A young black guy listening to NWA's Straight Outta Compton in the ghetto in 1988 might be surprised at how one of his heroes has turned out.

After all, the seminal album is one that helped define modern music and gave voice to a generation previously sidelined, especially by mainstream popular culture. So imagine how that young man might feel when he sees former NWA-er Ice Cube in 2007 in a nice, safe comedy, trying to fix up a house and placate his nuclear family in Are We Done Yet?, a sequel to Are We There Yet?

It is shocking to see the once-angry revolutionary behind the legendary ditty F*** Tha Police now a happily married, business-savvy media mogul. Not only that, but he walks into the Los Angeles interview room wearing a shirt emblazoned not with the polemic messages of old, but the film's title, "just in case you forgot the movie", he jokes.

Even more amazingly, in reprising his role as hapless hubby Nick, he is actually taking over from Cary Grant, right, since the film was originally going to be a remake of the classic 1948 screwball comedy Mr Blandings Builds His Dream House.

Unfortunately, Cube "just hated the title. It was too long". And after the success of Are We There Yet?, in which the man formerly known as O'Shea Jackson escorted a couple of pesky kids across the country, it seemed like a natural progession to put the same characters into Mr Blandings' situation.

"It's eerie how easy is was to switch the script and make it a sequel," he says.

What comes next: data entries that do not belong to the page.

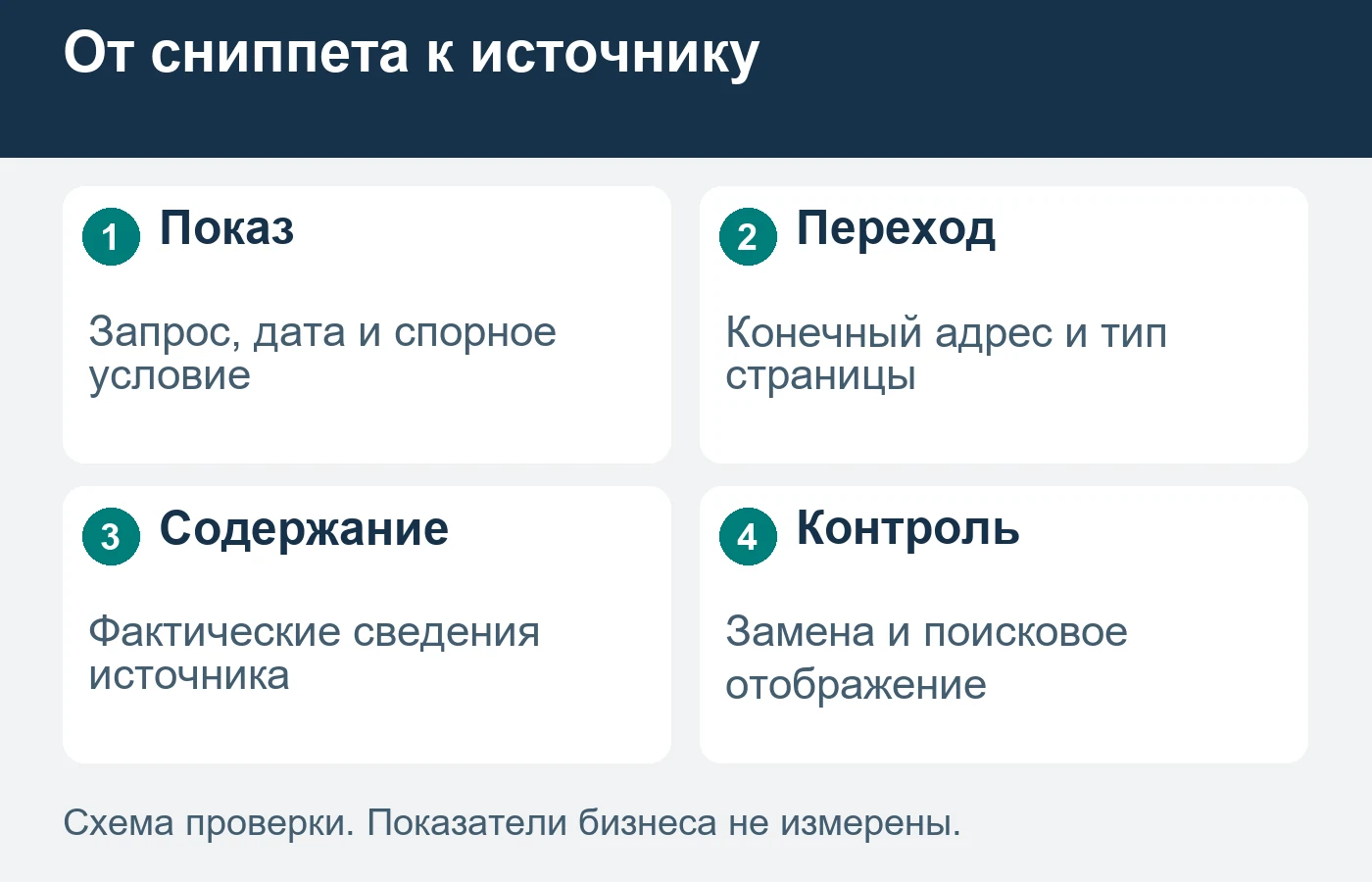 Спорное поисковое отображение сначала связывают с конечным источником.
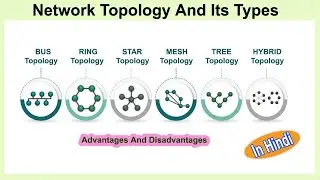 Network Topology And its Types In Hindi | BUS, RING, STAR, MESH, TREE, HYBRID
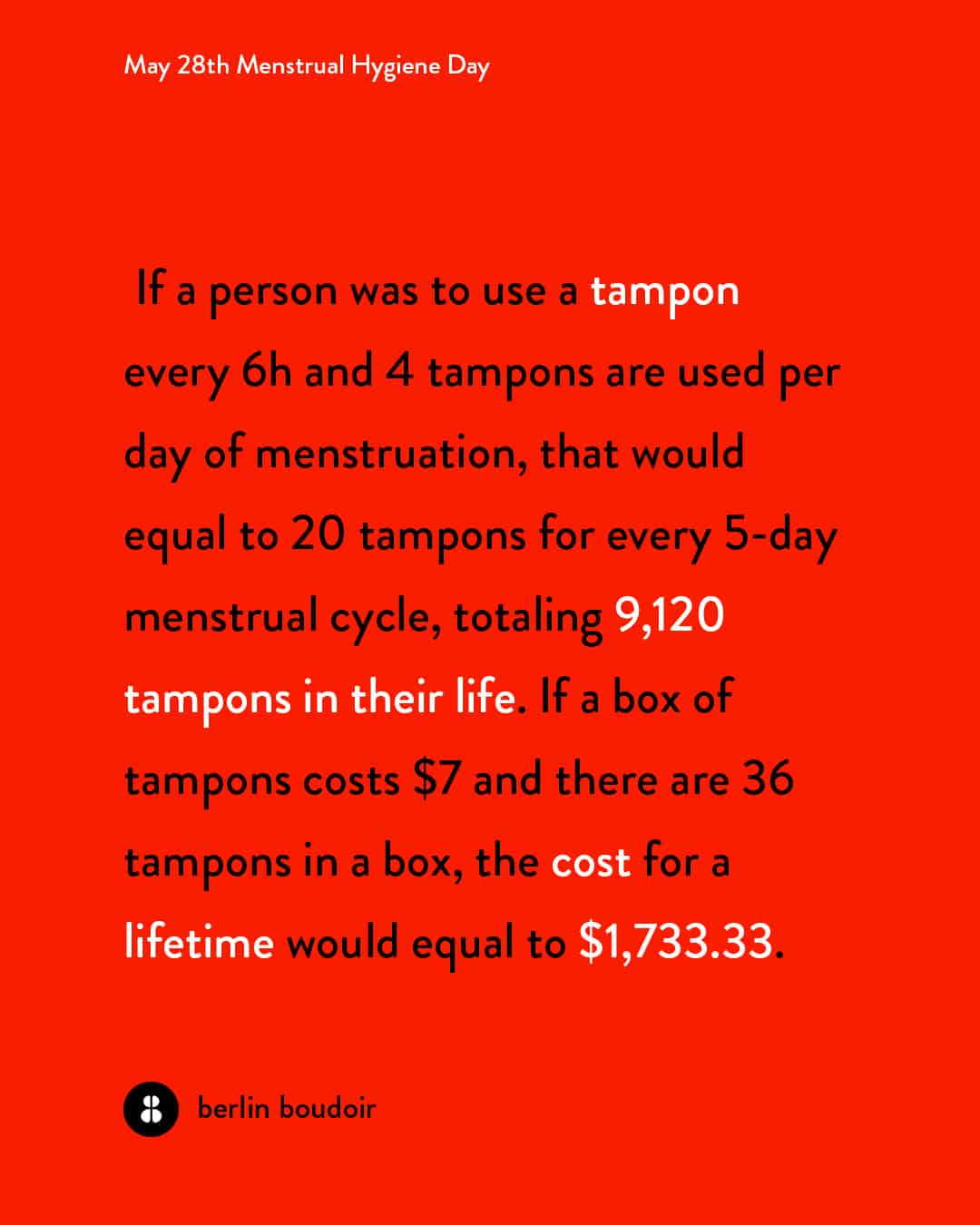  If a person was to use a tampon every 6h and 4 tampons are used per day of menstruation, that would equal to 20 tampons for every 5-day menstrual cycle, totaling 9,120 tampons in their life. If a box of tampons costs $7 and there are 36 tampons in a box, the cost for a lifetime would equal to $1,733.33.
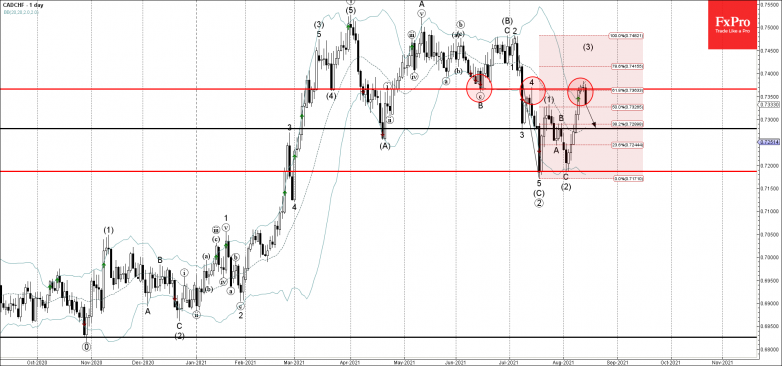CADCHF Wave Analysis – 13 August, 2021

So now we see the rapper trying to fix up a rural house, dealing with rodents and insects and even worse, a dodgy builder played by Scrubs' John C McGinley. But is the man who cut his movie teeth on tough, Oscar-nominated fodder like Boyz N The Hood content playing the fool?

"I think everybody can relate to Nick," he explains.

"Especially the guys who went from being cool bachelors to cool husbands to cool fathers. Somewhere in there you lose your cool and you just become Pops. I like to play the everyman.

"But I'm not just stuck in this path of family movies. I'm going to mix it up. Not just do popcorn kind of movies."

That's good to hear. Particularly for anyone who remembers his performance in Boyz, as well as his rhyming skills. Plans are afoot for an Are We... trilogy, although, "It really depends on the fanfare and the success (of this one)."

In the meantime, he's working on a buddy caper flick called First Sunday. He reveals: "It's about two guys who get fed up with how the neighbourhood church is treating their grandmother, and they decide to rob it."

Ice Cube making films about grannies and worrying about how people will react to his work? It's either a brave new world, or another teenage kid in South Central better start writing some really powerful lyrics.

But just because he has found fame, money and success, it's nice to be reminded that his past hasn't been lost in a fountain of Cristal Champagne and bling.

He says: "Right now, I have those things, but I still have cousins and family and friends that are struggling in South Central LA. And I got to still speak for them."

For his part, he is involved in several charities and produces his friends' hip hop records. Fans of the old Cube will be pleased to know that he is working on a new album, Raw Footage, which he promises will be "more politically charged than the last one". It is due out later this year.